KSS przegrał „zgodnie z planem”
Nie było niespodzianki. „Tygrysice” przegrały na własnym parkiecie z SPR-em Lublin 23:40. Podopieczne Zdzisława Wąsa nie były w stanie pokonać faworyzowanych mistrzyń Polski. Po sześć bramek dla kieleckiego zespołu zdobyły Marija Gedroit i Lina Abramauskaite.
Tego, jak skończy się ten mecz, można było spodziewać się już po kilku pierwszych minutach. Mistrzynie Polski szybko wyszły na kilkubramkowe prowadzenie. Rywalki były wyraźnie silniejsze fizycznie od gospodyń, w dodatku te popełniały proste błędy w ataku (zazwyczaj „kroki”). Nie pomógł nawet doping kilkunastoosobowej grupy młodych kibiców, których koszulki składały się w napis „KSS Kielce”.

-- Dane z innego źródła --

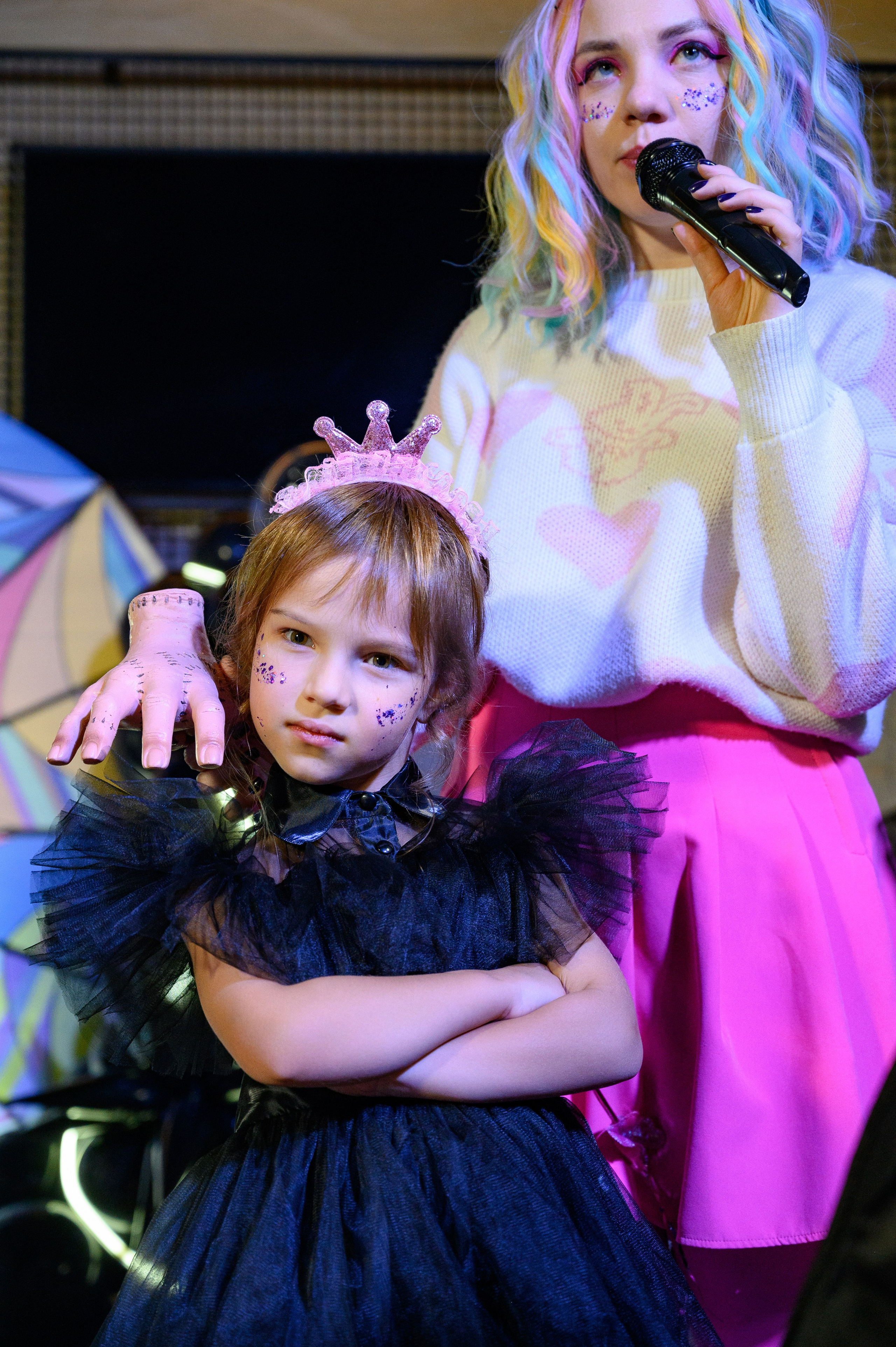 Вечеринка в сите Уэнсдэй. Фотограф в Липецке Ковалько Евгений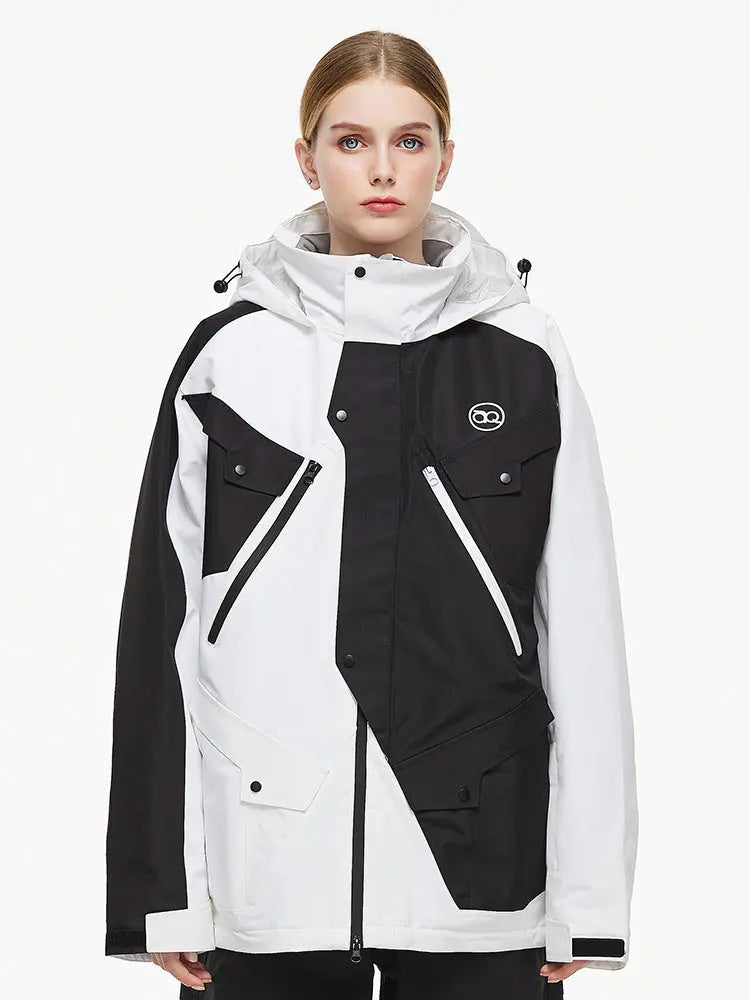 Men's Women's Ski Jacket Outdoor Top for Camping / Hiking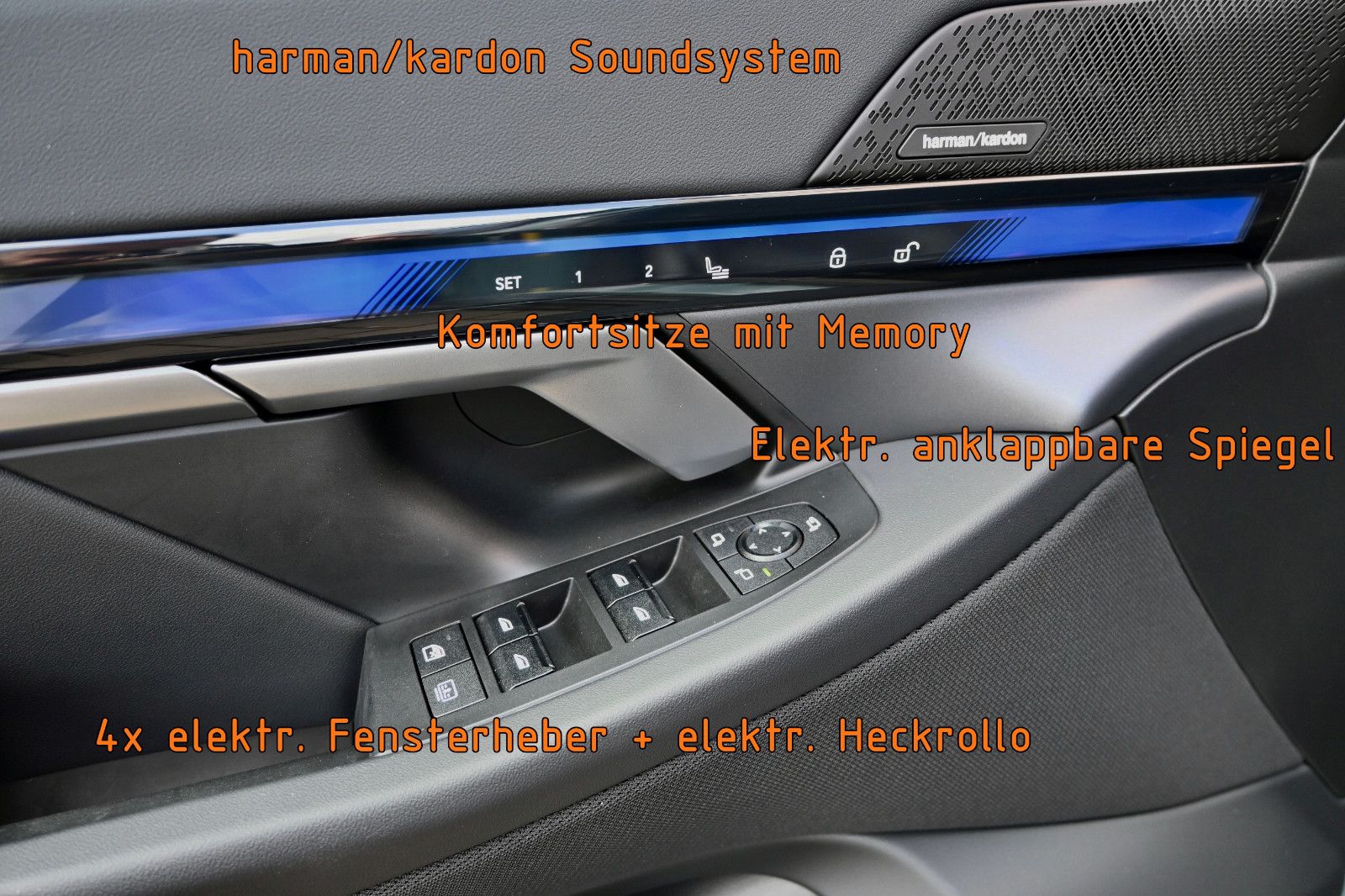 Fahrzeugabbildung BMW 550e xDr. °UVP 99.529€°ACC°SITZLÜFTUNG°360°HARM°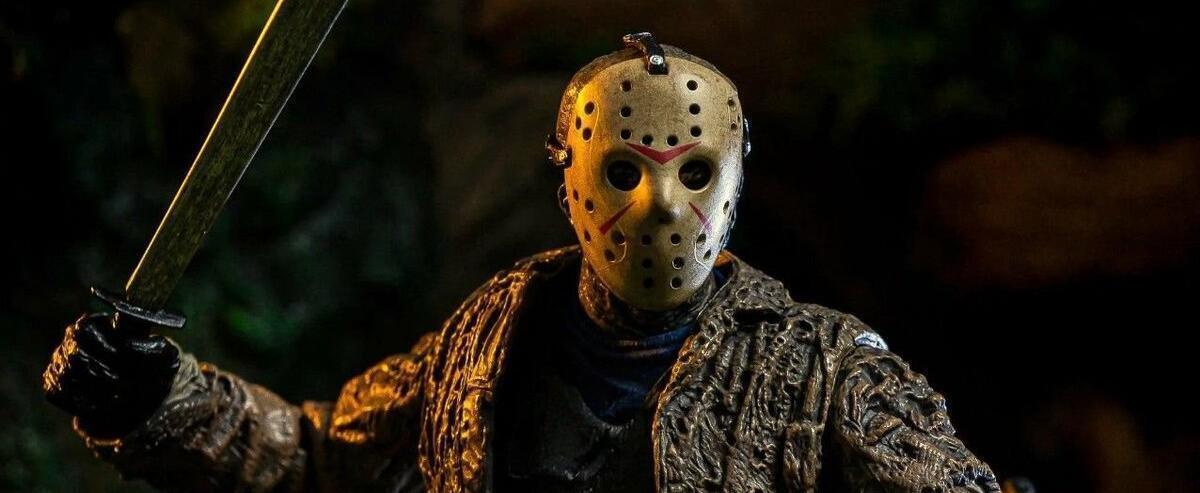 Пятница 13-е. Три фильма в жанре ужасов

Po kwadransie SPR prowadził już 6 golami. Wtedy kielczankom udało się przeprowadzić kilka składnych ataków, w miarę skuteczna była Marija Gedroit. Lublinianki stawiały jednak twardy opór, przez co często pod bramką przyjezdnych dochodziło do brutalnych starć. – Taka była nasza taktyka. Miałyśmy zagrać twardo w obronie i przeprowadzać szybkie kontrataki. W jakimś stopniu te założenia zrealizowałyśmy, choć błędów nie uniknęłyśmy – mówiła Alina Wojtas, która już tuż po przerwie z powodu trzech dwuminutowych kar wylądowała na trybunach.
To właśnie kontrataki były największą bronią rywalek. Brylowała w nich zwłaszcza Małgorzata Majerek (autorka 10 bramek), która potrafiła w mig przemieścić się spod jednej bramki pod drugą. Kielczanki za nią oraz innymi rywalkami nie nadążały. A gdy same stawały przed szansą przeprowadzenia takiej akcji, to niepotrzebnie zwalniały. Co gorsza, gdy już ruszyły odważnie do przodu, to trafiały w słupek lub bramkarkę z Lublina.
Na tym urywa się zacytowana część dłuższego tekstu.